Please quote exactly the lines below from the line containing "Butterfly Print Blue Jeans" to the line containing "Yinder 24 Pcs", both lines included, and nothing else.

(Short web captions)
****

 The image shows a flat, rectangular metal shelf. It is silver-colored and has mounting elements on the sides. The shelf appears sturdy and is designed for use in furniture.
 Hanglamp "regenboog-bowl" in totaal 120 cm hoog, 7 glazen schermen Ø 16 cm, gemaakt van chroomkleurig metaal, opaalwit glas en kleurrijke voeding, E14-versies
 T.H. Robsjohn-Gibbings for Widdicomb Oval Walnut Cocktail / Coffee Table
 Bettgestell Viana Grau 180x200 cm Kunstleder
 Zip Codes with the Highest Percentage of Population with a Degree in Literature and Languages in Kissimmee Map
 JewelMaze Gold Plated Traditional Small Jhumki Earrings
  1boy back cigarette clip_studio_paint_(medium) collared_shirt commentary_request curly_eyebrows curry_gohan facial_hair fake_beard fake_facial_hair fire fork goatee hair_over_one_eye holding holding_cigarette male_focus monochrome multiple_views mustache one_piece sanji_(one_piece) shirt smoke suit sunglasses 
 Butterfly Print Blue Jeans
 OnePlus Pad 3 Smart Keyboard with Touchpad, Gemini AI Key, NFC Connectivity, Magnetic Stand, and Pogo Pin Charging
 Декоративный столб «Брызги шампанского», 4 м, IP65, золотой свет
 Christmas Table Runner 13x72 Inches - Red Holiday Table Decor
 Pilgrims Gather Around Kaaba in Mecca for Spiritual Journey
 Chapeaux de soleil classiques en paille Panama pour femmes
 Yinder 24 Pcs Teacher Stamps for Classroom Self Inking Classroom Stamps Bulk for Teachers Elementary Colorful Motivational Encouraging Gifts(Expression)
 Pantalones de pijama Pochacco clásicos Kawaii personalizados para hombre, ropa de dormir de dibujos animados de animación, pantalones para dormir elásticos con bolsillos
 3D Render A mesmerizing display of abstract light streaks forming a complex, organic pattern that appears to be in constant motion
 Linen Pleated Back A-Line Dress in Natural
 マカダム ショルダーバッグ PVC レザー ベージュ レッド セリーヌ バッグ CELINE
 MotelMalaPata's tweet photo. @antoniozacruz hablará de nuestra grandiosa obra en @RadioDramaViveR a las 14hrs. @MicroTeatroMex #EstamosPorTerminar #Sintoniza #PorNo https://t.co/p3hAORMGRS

****

▶ Output for this task:
 Butterfly Print Blue Jeans
 OnePlus Pad 3 Smart Keyboard with Touchpad, Gemini AI Key, NFC Connectivity, Magnetic Stand, and Pogo Pin Charging
 Декоративный столб «Брызги шампанского», 4 м, IP65, золотой свет
 Christmas Table Runner 13x72 Inches - Red Holiday Table Decor
 Pilgrims Gather Around Kaaba in Mecca for Spiritual Journey
 Chapeaux de soleil classiques en paille Panama pour femmes
 Yinder 24 Pcs Teacher Stamps for Classroom Self Inking Classroom Stamps Bulk for Teachers Elementary Colorful Motivational Encouraging Gifts(Expression)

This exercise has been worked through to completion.